On entend souvent dire que les plus miteux de ces blocs d’appartements de l’ère soviétique, appelés khrouchtchoby — un mélange de Khrouchtchev, qui en avait ordonné la construction, et de trouchtchoby (taudis, en russe) — sont sur le point de s’effondrer, mais cela n’est pas encore arrivé. Oui, ils sont humides et ternes, et les appartements sont exigus, et les murs sont craquelés, et les toits fuient souvent, et les couloirs et les cages d’escalier sont sombres et sentent l’urine, mais c’est du logement.
Parce que les appartements étaient si durs à trouver, avec des listes d’attente qui s’étiraient sur des décennies, plusieurs générations vivaient ensemble. C’était souvent une façon de vivre déplaisante, stressante, et même traumatisante, mais aussi très économique. Les grands-parents faisaient souvent une grande part du travail d’élevage des enfants, tandis que les parents travaillaient. Quand l’économie s’est effondrée, c’était souvent les grands-parents qui se mettaient à jardiner sérieusement et récoltaient la nourriture durant les mois d’été. Les gens en âge de travailler se sont mis à expérimenter sur le marché noir, avec des résultats mitigés : certains ont eu de la chance et décroché le gros lot, tandis que pour d’autres ce furent les vaches maigres. Avec suffisamment de gens vivant ensemble, ces disparités accidentelles tendaient à s’aplanir au moins à un certain point.
Une inversion curieuse a eu lieu. Tandis qu’avant l’effondrement, les parents étaient souvent en position de procurer une aide financière à leurs enfants adultes, maintenant c’est l’opposé. Les gens âgés qui n’ont pas d’enfants sont bien plus susceptibles de vivre dans la pauvreté que ceux qui ont des enfants pour les soutenir. Une fois que le capital financier est éliminé, le capital humain devient essentiel.
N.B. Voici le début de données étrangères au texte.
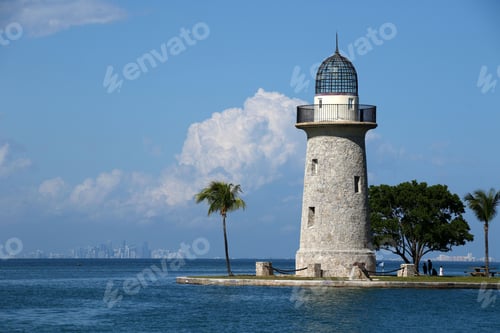 Preview: a lighthouse sitting on top of a body of water next to trees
Une différence clef entre la Russie et les États-Unis est que les Russes, comme la plupart des gens dans le monde, passaient généralement leur vie entière dans un seul endroit, tandis que les Américains se déplacent constamment. Les Russes connaissent généralement, ou au moins reconnaissent, la plupart des gens qui les entourent. Quand l’économie s’effondre, tout le monde doit se confronter à une situation inconnue. Les Russes, au moins, n’avaient pas à s’y confronter en compagnie de complets étrangers. D’un autre côté, les Américains sont bien plus susceptibles que les Russes d’aider des étrangers, au moins quand ils ont quelque chose à donner.
Un autre élément qui fut utile aux Russes était une caractéristique particulière de la culture russe : puisque l’argent n’était pas particulièrement utile dans l’économie de l’ère soviétique et ne représentait pas le statut ou le succès, il n’était pas particulièrement précieux non plus, et on le partageait plutôt librement. Les amis s’aidaient les uns les autres sans y réfléchir dans les moments de besoin. Il était important que tout le monde en ait, non que quelqu’un en ait plus que les autres. Avec l’arrivée de l’économie de marché, ce trait culturel a disparu, mais il a persisté assez longtemps pour aider les gens à survivre à la transition.